The reality is that the recipient of the purported notice will be unaware of Upohn J.’s advice and, if troubled by it, will appeal the notice. Nor would it make much difference if he is represented by a professional, because no professional adviser with a proper eye to his indemnity insurance will risk ignoring an appeal in favour of throwing the notice into the bin. That adviser will do what advisors usually do, and file an appeal whilst, at the same time, raising the question of nullity. It then falls to the Planning Inspectorate to decide whether or not to accept jurisdiction in respect of the appeal. If the Inspectorate concludes that the notice is a nullity, then it will decline jurisdiction.

This sounds like a perfectly linear approach; however, this is not the case in practice. One could reasonably expect that the Inspectorate would deal with the matter of nullity at the outset of the appeal process; that is to say, as a preliminary issue. In fact, the Inspectorate’s practice is to allow the process to allow defer the decision to the Inspector at the public inquiry. Thus, the parties are put in the position of having to bear the (often considerable) costs of going to an inquiry, only to have to pack their bags and go home if the Inspector then concludes that the notice is a nullity. The Inspectorate will not see itself as at fault and may decide to pass the costs of the abortive inquiry on to the unfortunate local planning authority. The reality is that the Inspectorate has failed to exercise the most basic of case management practice in dealing with the appeal, to the cost of appellants and, often, the local planning authority and any third parties who attended the inquiry. In doing so, the Inspectorate has diminished public confidence in the planning system (albeit the planning authority will, of course, get the blame) and added to the discomfort felt by the appellants and interested parties. Doubtless the planning authority will then issue a ‘second bite’ notice and the cycle will start again.

Those who are acquainted with civil and criminal litigation will know that the modern approach is to require that the courts and the parties practice case management techniques from the inception of a case to its conclusion. This approach is aimed at making the processes more efficient, reducing costs and settling preliminary issues early on.
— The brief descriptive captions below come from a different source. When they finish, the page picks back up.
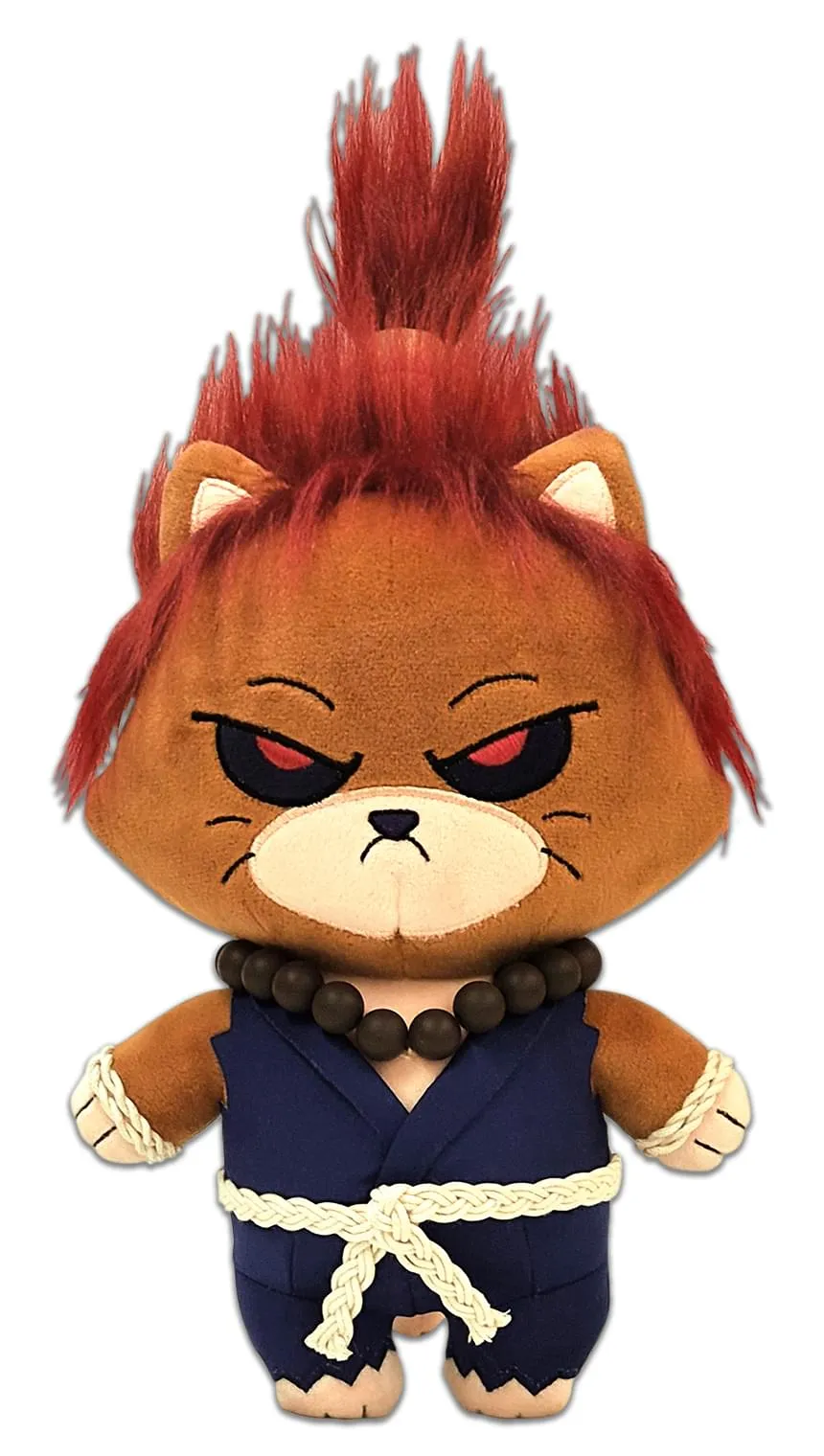 Street Fighter x Neko Akuma 8" Plush Gallery Image 3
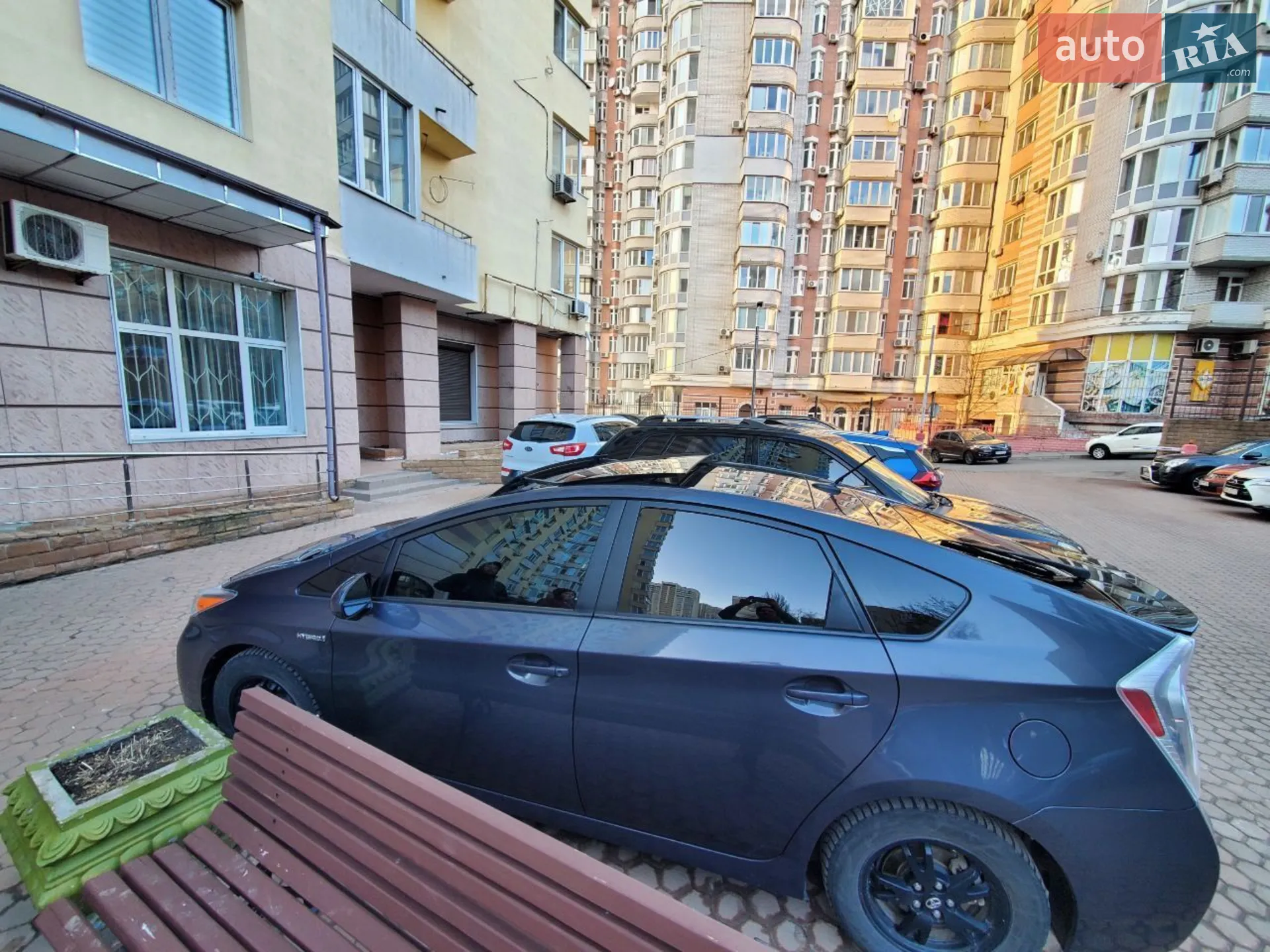 2013 Toyota Prius - мініатюра 15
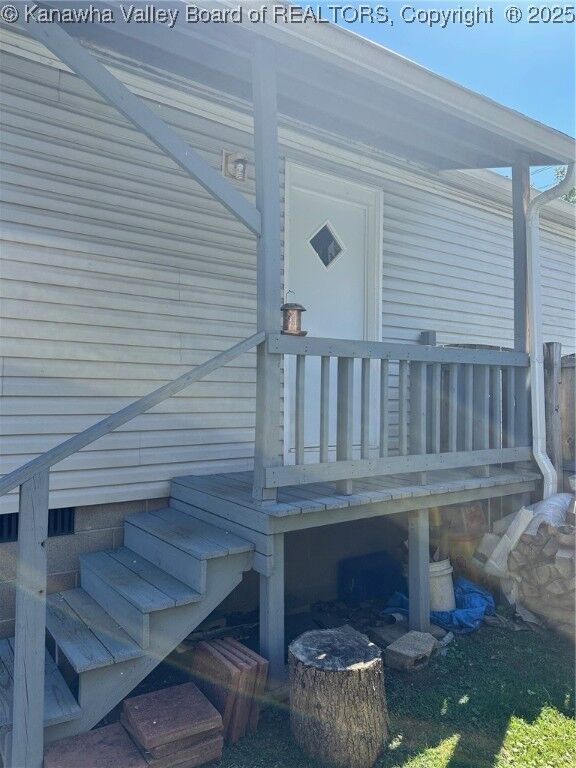 Property Photo:  8310 SE Maccorkle Avenue  WV 25315 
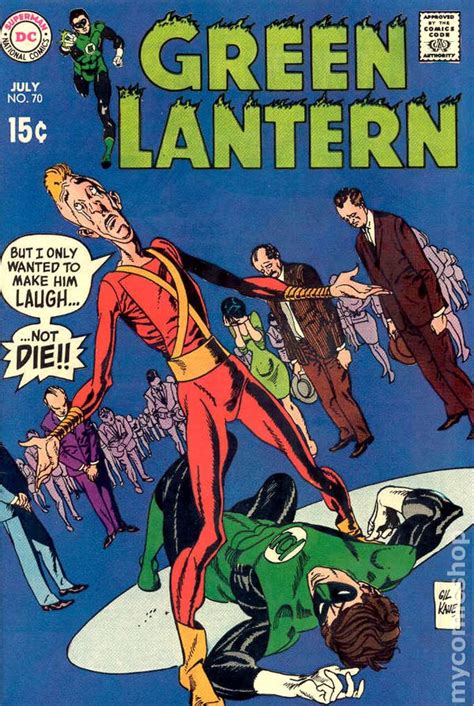 Green Lantern 1960 2nd Series Dc Comic Books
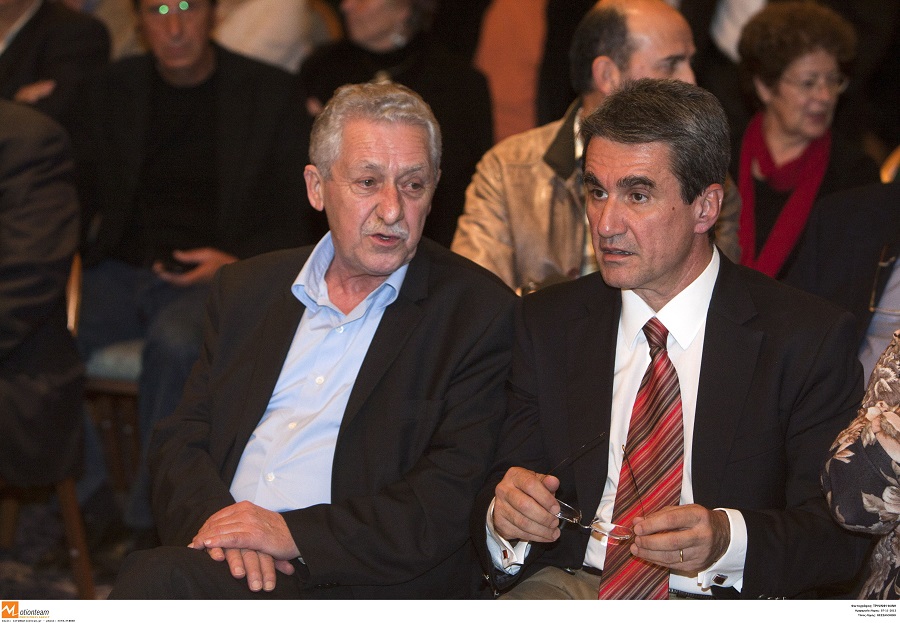 Ο Κουβέλης απάντησε στον Λοβέρδο: «Η ανάληψη της πολιτικής ευθύνης δεν οδηγεί σε παραίτηση»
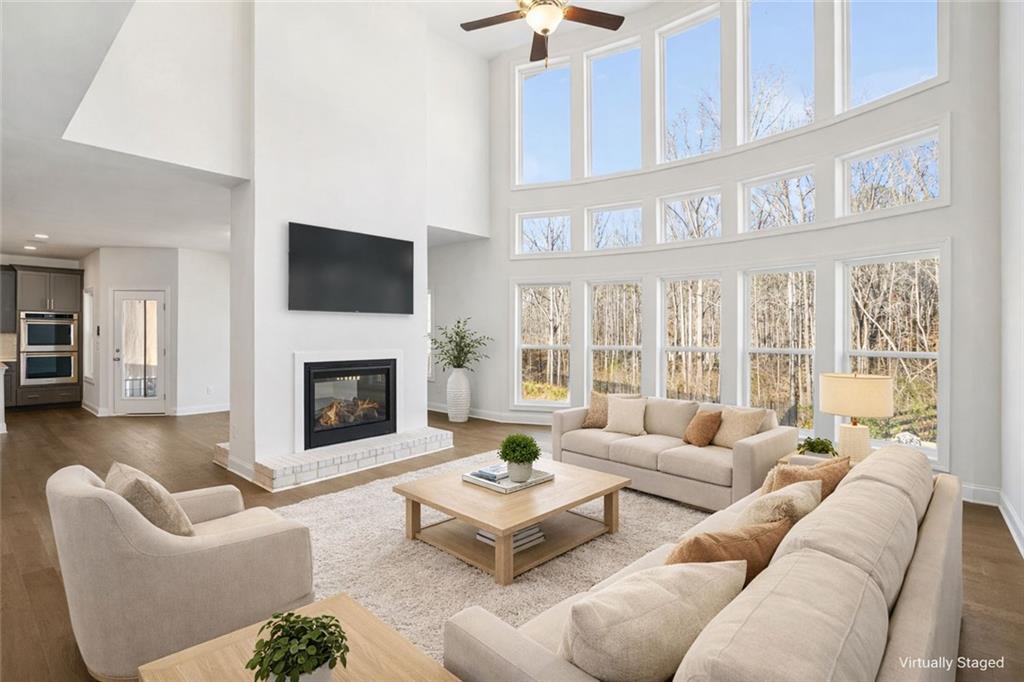 252 Wild Rose Circle Canton, GA 30115 - Photo 5 of 62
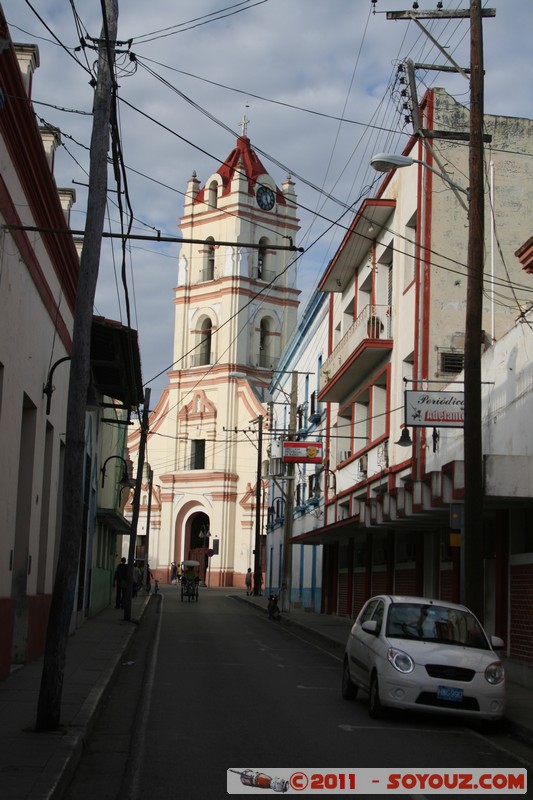 Camaguey - Iglesia de la Merced
Mots-clés: CamagÃ¼ey CUB Cuba geo:lat=21.38137172 geo:lon=-77.91888235 geotagged patrimoine unesco Eglise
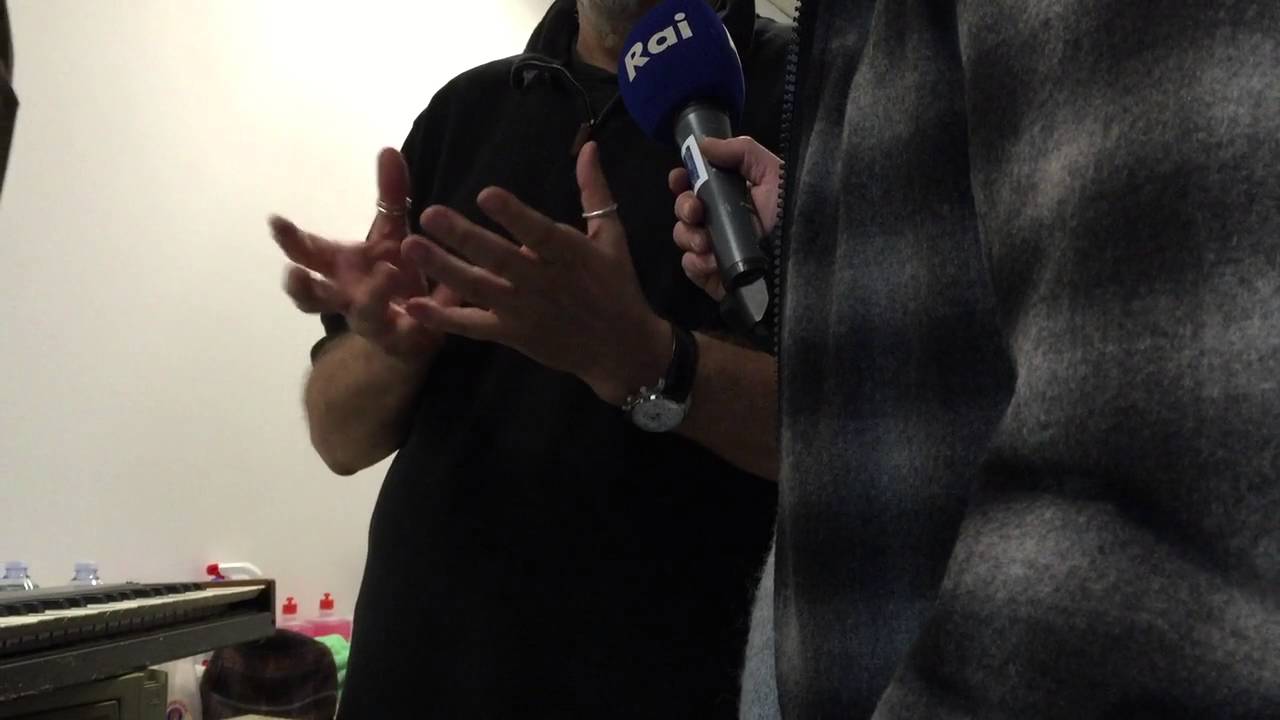 Mauro Sabbione e Alpha Syntauri parte 1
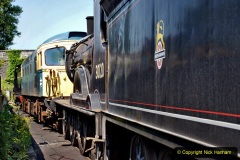 156.2020-06.-23-Swanage-Railway-still-in-lockdown.-156-Swanage.-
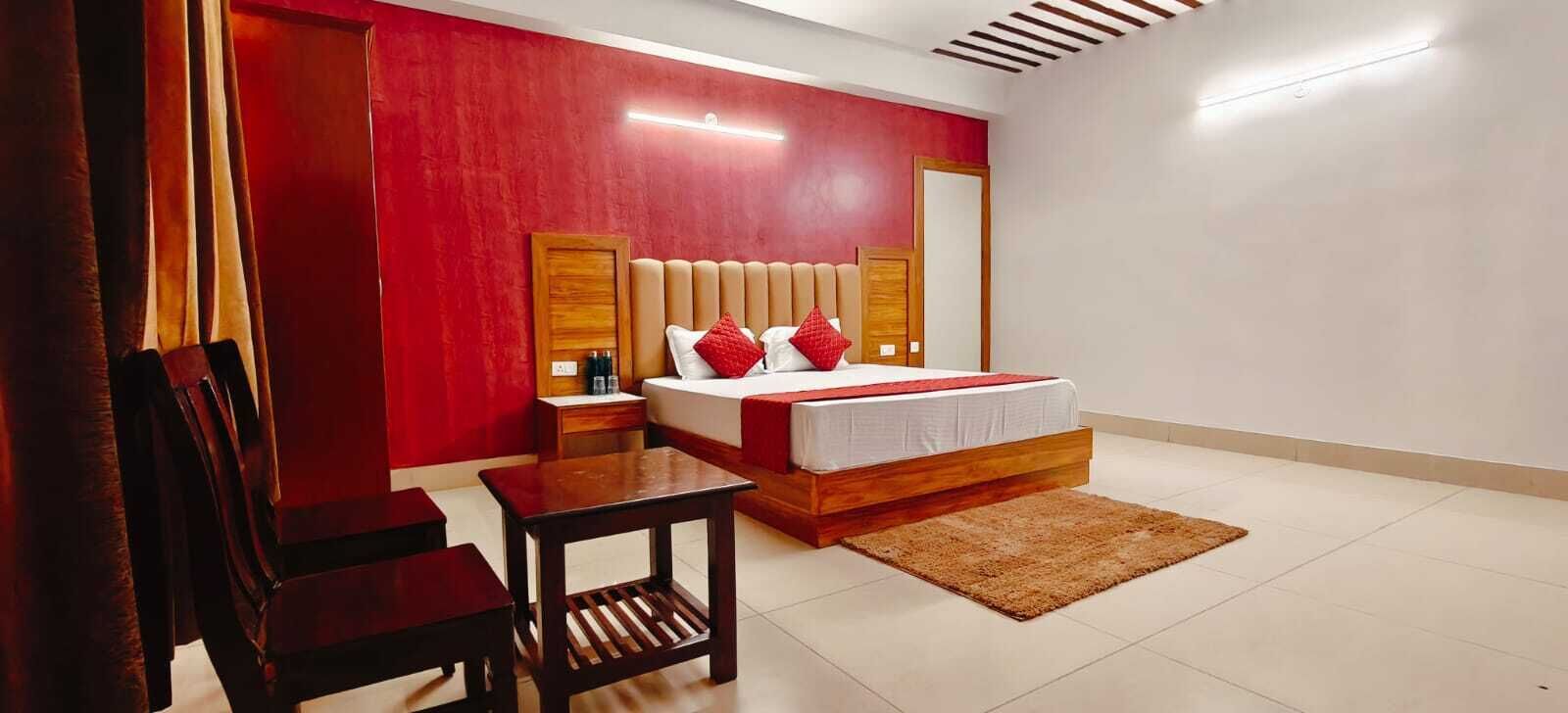 Standard Room, Balcony, Valley View | Egyptian cotton sheets, premium bedding, pillow-top beds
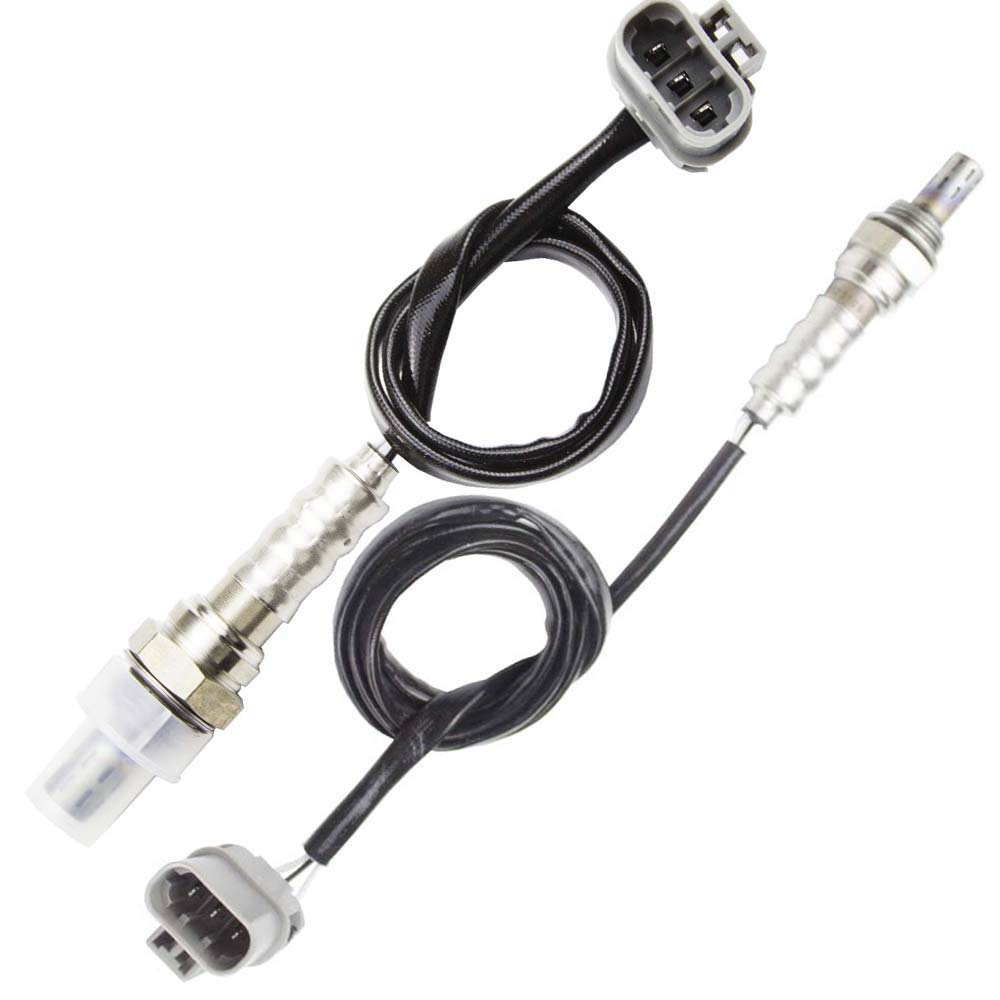2PCS Oxygen O2 Sensor 1 for 2000-2003 Nissan Xterra 3.3L Upstream Left and Right-image-36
The obvious answer is, of course, that assertions of ‘nullity’ should be dealt with as preliminary matters long before the inquiry or hearing and before the parties have invested too much time, trouble and expense in the venture. There is no reason why this matter cannot be dealt with by way of written submissions at the beginning of the appeal process.

The ‘pro-active’ approach
All of this suggests that the local planning authority which is faced with an argument that its enforcement notice is a ‘nullity’ should take the matter up with PINS at the earliest opportunity and press for a determination of the point as a preliminary matter.

If faced with an application for an award of costs, then tell the Inspector, flatly, that he does not have the jurisdiction and give him a copy of this article.

If your authority has paid money under such a purported 'award', then ask PINS to refund it !

The Inspectorate were provided with a draft of this article and declined to comment  substantively, but noted (in short) that the article is critical of the Planning Inspectorate and procedures currently adopted by it, and that that Inspectors must following statutory  guidelines until or unless these are amended by an Act of Parliament. I am still wondering about the purported ‘statutory guidelines’ invoked in this Delphic response.